Court Opinion

ID: 8817867
Source: CourtListenerOpinion
Date Created: 2022-11-26 15:24:00.961221+00
Date Added: 2024-06-11T17:04:32.400014
License: Public Domain

SANBORN, Circuit Judge
(dissenting)'. On May 2, 1910, the Gas & Electric Company made a valid contract with the Railroad & Light Company to supply it with electric, energy from that date until November 30, 1930, at rates specified therein. On May 4, 1914, the Gas & Electric Company filed its schedule of these rates with the Commission, *45and they took effect pursuant to the act of Legislature of Kansas of May 22, 1911, creating the Public Utilities Commission of that state (General Statutes Kansas 1915, c. 97), and became the lawful established and reasonable rates for this service. On January 22, 1918, the Gas & Electric Company filed a petition with the Commission upon which it hás made an order raising these rates.

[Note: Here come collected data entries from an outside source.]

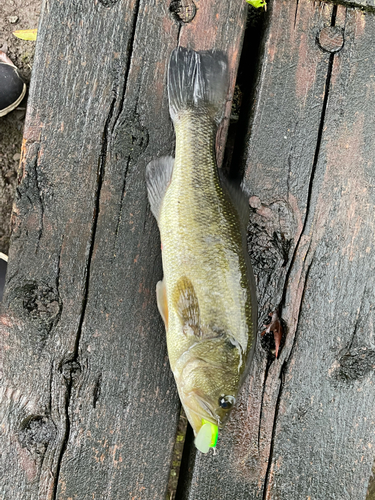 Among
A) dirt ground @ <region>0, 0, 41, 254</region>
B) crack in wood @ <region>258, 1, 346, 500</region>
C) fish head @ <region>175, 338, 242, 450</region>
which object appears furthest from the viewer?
dirt ground @ <region>0, 0, 41, 254</region>

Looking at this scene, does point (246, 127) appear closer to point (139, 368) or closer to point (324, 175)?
point (324, 175)

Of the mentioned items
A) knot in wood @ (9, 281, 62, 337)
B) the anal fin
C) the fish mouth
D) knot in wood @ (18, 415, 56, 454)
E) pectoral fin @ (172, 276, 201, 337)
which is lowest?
knot in wood @ (18, 415, 56, 454)

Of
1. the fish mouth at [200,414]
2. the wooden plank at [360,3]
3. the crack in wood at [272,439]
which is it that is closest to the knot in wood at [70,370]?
the fish mouth at [200,414]

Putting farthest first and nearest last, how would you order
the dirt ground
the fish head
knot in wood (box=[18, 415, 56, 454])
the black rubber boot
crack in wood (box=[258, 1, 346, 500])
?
the dirt ground
the black rubber boot
crack in wood (box=[258, 1, 346, 500])
knot in wood (box=[18, 415, 56, 454])
the fish head

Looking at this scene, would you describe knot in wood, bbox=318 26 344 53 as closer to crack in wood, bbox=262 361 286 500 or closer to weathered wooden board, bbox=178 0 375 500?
weathered wooden board, bbox=178 0 375 500

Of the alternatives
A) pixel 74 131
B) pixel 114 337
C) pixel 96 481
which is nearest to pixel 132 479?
pixel 96 481

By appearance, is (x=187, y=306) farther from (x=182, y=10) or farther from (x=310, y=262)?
(x=182, y=10)

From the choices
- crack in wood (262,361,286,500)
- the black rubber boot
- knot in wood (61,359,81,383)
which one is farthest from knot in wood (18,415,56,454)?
the black rubber boot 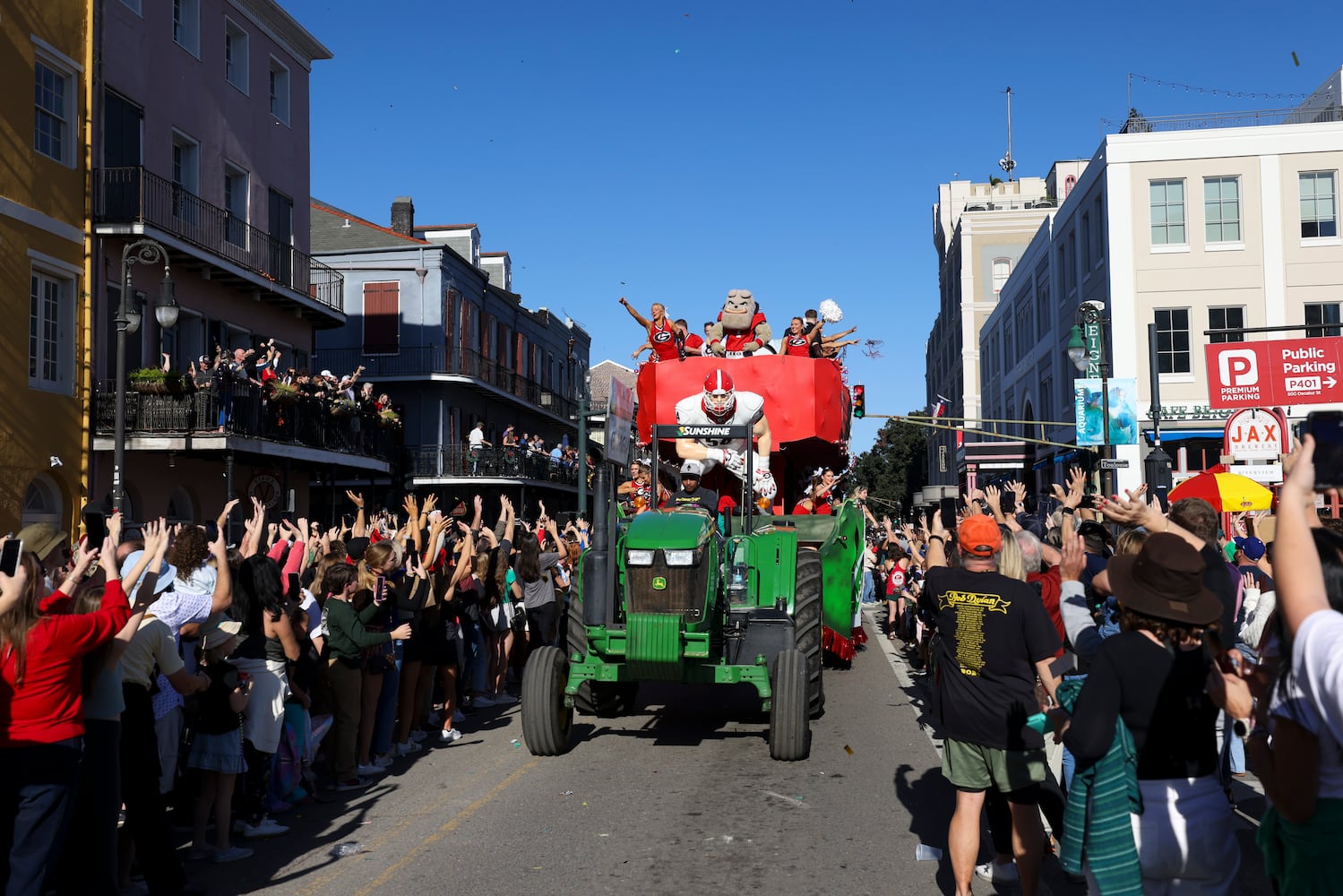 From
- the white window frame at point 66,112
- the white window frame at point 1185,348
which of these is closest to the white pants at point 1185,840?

Under the police power of the state and the statutes of Kansas the Commission has the jurisdiction and the authority to raise the rates for the service of public utility corporations prescribed by lawful contracts between it and others, in cases where the agreed rates are confiscatory, unduly discriminatory, and in cases where the good order, health, comfort, or public welfare requires such action; but in my opinion the jurisdiction of the Commission in this direction extends no further. For example, it does not extend to the changing of contract rates of public utilities with private parties not demanded by the public welfare, because one of the parties to one of these contracts was induced to agree to it by mistake, or by accident, or by the fraud or the deceit of the other party to it. It is no ground, either at law or in equity, either in the courts or elsewhere, for the modification or abrogation of a contract for electric energy or for other public utilities for a long term of years, that the contract turns out to be more profitable during some of the years of the term, or more burdensome during other years of the term, to one or the other of the parties, than that party anticipated at the time it signed the agreement that it would be. Marble Co. v. Ripley, 10 Wall. 339, 355, 356, 357, 19 L. Ed. 955; Texas Co. v. Central Fuel Oil Co., 194 Fed. 1, 21, 114 C. C. A. 21, 41.
When carefully analyzed and reduced to its lowest term, the only ground for the raising of the contract rates stated in the petition of the Gas & Electric Company, and the only basis for the order of the Commission raising them upon that petition, is, in my opinion, that the contract rates, which the petition shows were so much more profitable during-the first years of the term of the contract than it anticipated that in December, 1916, the Gas ’& Electric Company filed with the Commission and asked approval of a schedule of reduced rates, became in 1917 so much less profitable that it filed its petition for this raise. The petition does not show what profits the Gas & Electric Company derived from the contract rates during the years prior to 1917. It does not show that the contract rates have been or will be confiscatory. It does not show that the welfare of the public demands the increase, and in my opinion it states no facts or case within the jurisdiction of the Commission, its order was made without jurisdiction, and it is void.
For these reasons I am unable to concur in the opinion and the disposition of this case.